Story: The absurdity of war has been played out in film, ad nauseum. Apparently all of these films have no influence in real life. This film is about another war -- a not too long ago one in Bosnia Herzegovina and Serbia. Remember that one? Just when we were studying the maps and learning all about Kabul and Tora Bora this film gets released and our mental maps have to shift a bit. The causes of this conflict have a very familiar ring ... ethnic cleansing, bitter tribal rivalry and anger that has been ongoing for over 900 years. Oy!

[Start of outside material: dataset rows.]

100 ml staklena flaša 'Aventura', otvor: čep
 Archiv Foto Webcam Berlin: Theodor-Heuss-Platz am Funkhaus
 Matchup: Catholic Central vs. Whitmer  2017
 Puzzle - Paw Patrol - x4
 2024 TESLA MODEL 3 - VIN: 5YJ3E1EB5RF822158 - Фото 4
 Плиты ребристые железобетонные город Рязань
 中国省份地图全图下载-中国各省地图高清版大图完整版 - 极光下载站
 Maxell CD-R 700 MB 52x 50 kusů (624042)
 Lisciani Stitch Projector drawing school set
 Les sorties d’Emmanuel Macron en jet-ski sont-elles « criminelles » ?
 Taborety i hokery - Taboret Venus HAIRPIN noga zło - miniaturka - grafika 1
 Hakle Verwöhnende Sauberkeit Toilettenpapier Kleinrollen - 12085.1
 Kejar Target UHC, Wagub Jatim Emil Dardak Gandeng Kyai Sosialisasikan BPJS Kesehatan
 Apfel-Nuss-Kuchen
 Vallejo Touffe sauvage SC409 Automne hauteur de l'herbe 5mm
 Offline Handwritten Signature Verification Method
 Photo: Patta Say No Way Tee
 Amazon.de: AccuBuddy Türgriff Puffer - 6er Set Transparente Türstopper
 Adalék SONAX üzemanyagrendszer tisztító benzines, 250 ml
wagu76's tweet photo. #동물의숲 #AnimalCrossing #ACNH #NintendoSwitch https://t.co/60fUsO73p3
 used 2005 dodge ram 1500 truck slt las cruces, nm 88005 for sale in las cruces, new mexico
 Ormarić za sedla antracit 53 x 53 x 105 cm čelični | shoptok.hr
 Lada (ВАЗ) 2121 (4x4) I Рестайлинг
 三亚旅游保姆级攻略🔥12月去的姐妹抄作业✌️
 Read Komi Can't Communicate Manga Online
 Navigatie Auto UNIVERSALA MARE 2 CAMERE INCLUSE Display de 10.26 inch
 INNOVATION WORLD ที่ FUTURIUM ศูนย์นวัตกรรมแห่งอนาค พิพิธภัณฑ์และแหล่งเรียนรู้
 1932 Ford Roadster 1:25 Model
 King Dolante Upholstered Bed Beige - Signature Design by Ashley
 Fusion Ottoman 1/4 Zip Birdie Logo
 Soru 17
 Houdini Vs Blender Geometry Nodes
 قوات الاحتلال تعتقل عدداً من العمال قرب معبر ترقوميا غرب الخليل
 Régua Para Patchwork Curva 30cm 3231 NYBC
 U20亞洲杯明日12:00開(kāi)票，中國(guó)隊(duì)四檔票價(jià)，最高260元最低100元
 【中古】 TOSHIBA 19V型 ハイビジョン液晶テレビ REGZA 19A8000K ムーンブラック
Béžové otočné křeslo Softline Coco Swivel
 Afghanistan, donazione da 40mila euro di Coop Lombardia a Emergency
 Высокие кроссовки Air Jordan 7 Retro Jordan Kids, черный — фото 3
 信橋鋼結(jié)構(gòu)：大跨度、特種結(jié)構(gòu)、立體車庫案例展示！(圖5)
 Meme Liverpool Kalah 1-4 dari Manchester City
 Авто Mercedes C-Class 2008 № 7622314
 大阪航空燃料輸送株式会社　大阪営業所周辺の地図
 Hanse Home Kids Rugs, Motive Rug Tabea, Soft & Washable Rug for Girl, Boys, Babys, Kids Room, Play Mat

An award winner for Best Screenplay at Cannes, it was directed by Bosnian documentarian Danis Tanovic. He chooses to remain neutral between the fighting Serbs and Bosnians but rather, picks on the UN and the media as duplicitous players in this conflict. It is billed and promoted as a quasi-comedy, and there are certainly light elements, but it was not a comedy. It successfully depicts the absurdity of war when two soldiers from opposing sides get stuck in a trench together in a No Man's Land between the two sides. The film is at its best when it depicts the chaos, language barriers, red tape and silliness of the situation that eventually results in the UN and the media's arrival to film it all live. I was depressed when it was over.

Acting: Everyone was fine.

Critters: The animals had the good sense to leave this hell hole war zone.

Food: Just lots of cigarettes.

Visual Art: There is no art in a trench.

Blatant Product Placement: United States bouncing land mines.

Opening Titles: Simple.

Theater Audience: Only one other young man -- who asked me if I was a movie reviewer. I laughed. We got into a conversation both before and after the film about movies. He wants to be the next Robert Altman. I wished him well.

Predictability Level: I knew what was gong to happen but I got depressed anyway.

Oscar Worthy: Apparently Cannes worthy.

Nit Picking: Nothing.

Big Screen or Rental: Rental would be fine. A very funny old film about the absurdity of conflict is The Russians Are Coming.